What the fuck did I know about morality?

It was a joke, a meaningless word thrown around by people who had the luxury of giving a shit. I wasn't one of them. Never had been. By day, I played the part of a criminal defense lawyer, spinning half-truths and legal loopholes to keep men who bled the streets out of prison. By night, I became something far worse—a fucking executioner, a ghost in the dark, delivering final verdicts with the cold precision of someone who had long since abandoned the idea of a conscience.

Papa used to tell me I had one, though. You're a woman with a conscience, he'd say, like it was some goddamn badge of honor. But if I ever had one, I buried it so deep it might as well have rotted away. Conscience was a liability. Mercy was an open wound, a weakness begging to be exploited. And I didn't do weak. Not in this life.

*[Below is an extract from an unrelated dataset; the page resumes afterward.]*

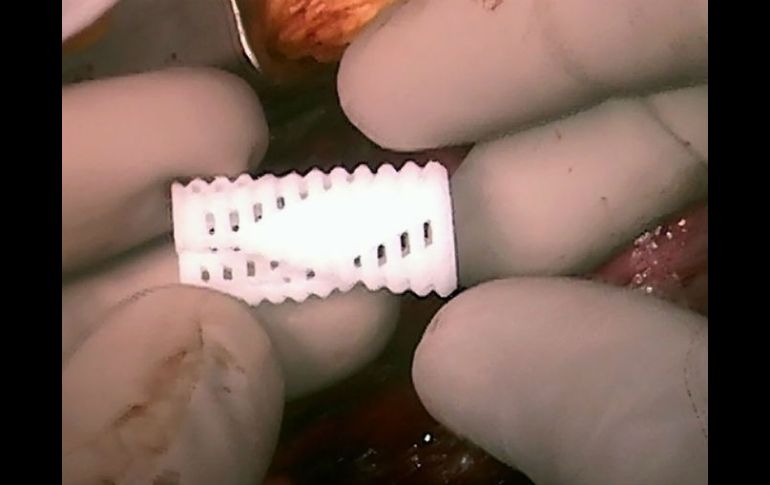 Esta prótesis experimental cambia de forma con el tiempo, crucial para niños en crecimiento. AP / U-M Health System Department of Communication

Secrets. Lies. They were just different flavors of the same poison. One coated in sugar, the other dipped in venom. Both served a purpose. Both were tools I wielded without hesitation.

But Salvatore's secret? The one he kept from me? That shit wasn't just a calculated move. It was personal.

He knew my father. Knew him, and yet never fucking told me.

The betrayal wasn't sharp, not yet—it was a slow, creeping thing, twisting around my ribs like a snake, waiting for the right moment to sink its fangs.

Did I trust him?

Some part of me wanted to. A small, reckless part that kept reaching for something just out of grasp. But the rest of me? The part that had survived, that knew better? It yanked me back, whispering warnings in a voice I had learned to fucking listen to.

And yet, I needed answers.

How the hell did he know my father?

And more importantly—why the fuck did he hide it from me?

The photograph was crumpling in my grip. I hadn't even noticed how tightly I was holding it until my knuckles turned white.

My father—seventeen, maybe younger—stood in the frame, arm slung over a teenage Salvatore like they were fucking brothers. I wouldn't have even recognized him if it weren't for the ink on his hand, the same tattoo that hadn't changed after all these years.

My head had been a goddamn battlefield since last night, thoughts slamming into each other, trying to make sense of something that refused to fucking add up. I was so deep in that storm, I didn't even hear the footsteps or the door creaking open until—

"The fuck were you last night?"

Sawyer's voice hit like a gunshot, sharp and pissed off.

I barely blinked, my eyes flicking up to meet his. He wasn't just mad—he was seething. And for a second, he didn't even give a shit that I was his boss.